Comment by ajcp

5 months ago

Not sure what service you're basing your calculation on but with Gemmini I've processed 10,000,000+ shipping documents (PDF and PNGs) of every concievable layout in one month at under $1000 and an accuracy rate of between 80-82% (humans were at 66%).

The longest part of the development timeline was establishing the accuracy rate and the ingestion pipeline, which itself is massively less complex than what your workflow sounds like: PDF -> Storage Bucket -> Gemini -> JSON response -> Database

Just to get sick with it we actually added some recusion to the Gemini step to have it rate how well it extracted, and if it was below a certain rating to rewrite its own instructions on how to extract the information and then feed it back into itself. We didn't see any improvement in accuracy, but it was still fun to do.

9 comments

ajcp

llm_trw 5 months ago

>Not sure what service you're basing your calculation on but with Gemmini

The table of costs in the blog post. At 500,000 pages per day the hardware fixed cost overcomes the software variable cost at day 240 and from then on you're paying an extra ~$100 per day to keep it running in the cloud. The machine also had to use extremely beefy GPUs to fit all the models it needed to. Compute utilization was between 5 to 10% which means that it's future proof for the next 5 years at the rate at which the data source was growing.

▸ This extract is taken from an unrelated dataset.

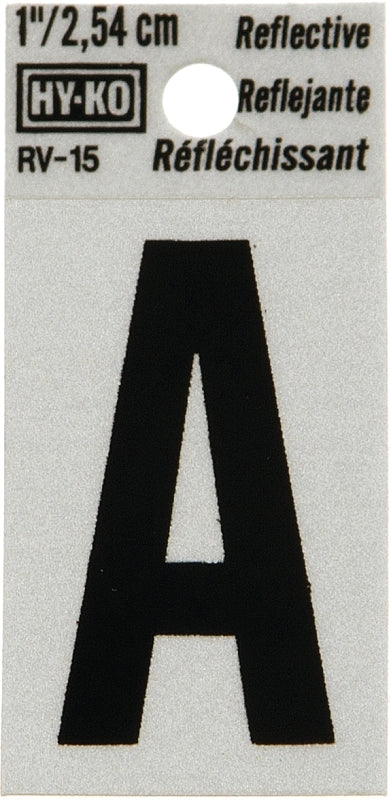 Hy-Ko RV-15/A Reflective Letter, Character: A, 1 in H Character, Black Character, Silver Background, Vinyl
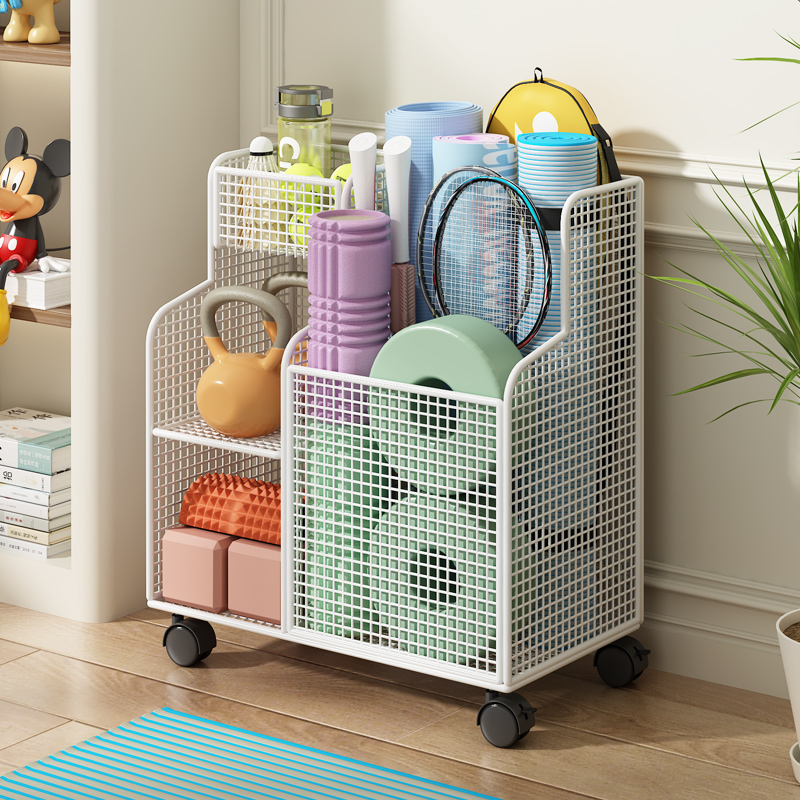 健身运动器材储物架多功能瑜伽垫泡沫轴收纳筐放羽毛球篮球置物架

    | Model                       | Pages per Dollar |
    |-----------------------------+------------------|
    | Gemini 2.0 Flash            | ≈ 6,000          |
    | Gemini 2.0 Flash Lite       | ≈ 12,000*        |
    | Gemini 1.5 Flash            | ≈ 10,000         |
    | AWS Textract                | ≈ 1,000          |
    | Gemini 1.5 Pro              | ≈ 700            |
    | OpenAI 4o-mini              | ≈ 450            |
    | LlamaParse                  | ≈ 300            |
    | OpenAI 4o                   | ≈ 200            |
    | Anthropic claude-3-5-sonnet | ≈ 100            |
    | Reducto                     | ≈ 100            |
    | Chunkr                      | ≈ 100            |

There is also the fact that it's _completely_ local. Which meant we could throw in every proprietary data source that couldn't leave the company at it.

>The longest part of the development timeline was establishing the accuracy rate and the ingestion pipeline, which itself is massively less complex than what your workflow sounds like: PDF -> Storage Bucket -> Gemini -> JSON response -> Database

Each company should build tools which match the skill level of their developers. If you're not comfortable training models locally with all that entails off the shelf solutions allow companies to punch way above their weight class in their industry.

serjester 5 months ago
That assumes that you're able to find a model that can match Gemini's performance - I haven't come across anything that comes close (although hopefully that changes).
- jeswin 5 months ago
  
  Nice article, mirrors my experience. Last year (around when multimodal 3.5 Sonnet launched), I had run a sizeable number of PDFs through it. Accuracy was remarkably high (99%-ish), whereas GPT was just unusable for this purpose.

cpursley 5 months ago

Very cool! How are you storing it to a database - vectors? What do you do with the extracted data (in terms of being able to pull it up via some query system)?

ajcp 5 months ago
In this use-case the customer just wanted data not currently in the warehouse inventory management system capatured, so here we converted a JSON response to a classic table row schema (where 1 row = 1 document) and now boom, shipping data!
However we do very much recommend storing the raw model responses for audit and then at least as vector embeddings to orient the expectation that the data will need to be utilized for vector search and RAG. Kind of like "while we're here why don't we do what you're going to want to do at some point, even if it's not your use-case now..."
- rofl123 5 months ago
  
  > Kind of like "while we're here why don't we do what you're going to want to do at some point, even if it's not your use-case now..."
  wow, this is so bad. why do it now and introduce complexity and debt if you can do it later when you actually need it? you are just riding the hype wave and trying to get most out of it but that's fine.
  
  1 reply →

svieira 5 months ago

> [with] an accuracy rate of between 80-82% (humans were at 66%)

Was this human-verified in some way? If not, how did you establish the facts-on-the-ground about accuracy?

ajcp 5 months ago

Yup, unfortunately the only way to know how good an AI is at anything is to do the same way you'd do with a human: build a test that you know the answers to already. That's also why the accuracy evaluation was by far the most time intensive part of the development pipeline as we had to manually build a "ground-truth" dataset that we could evaluate the AI again.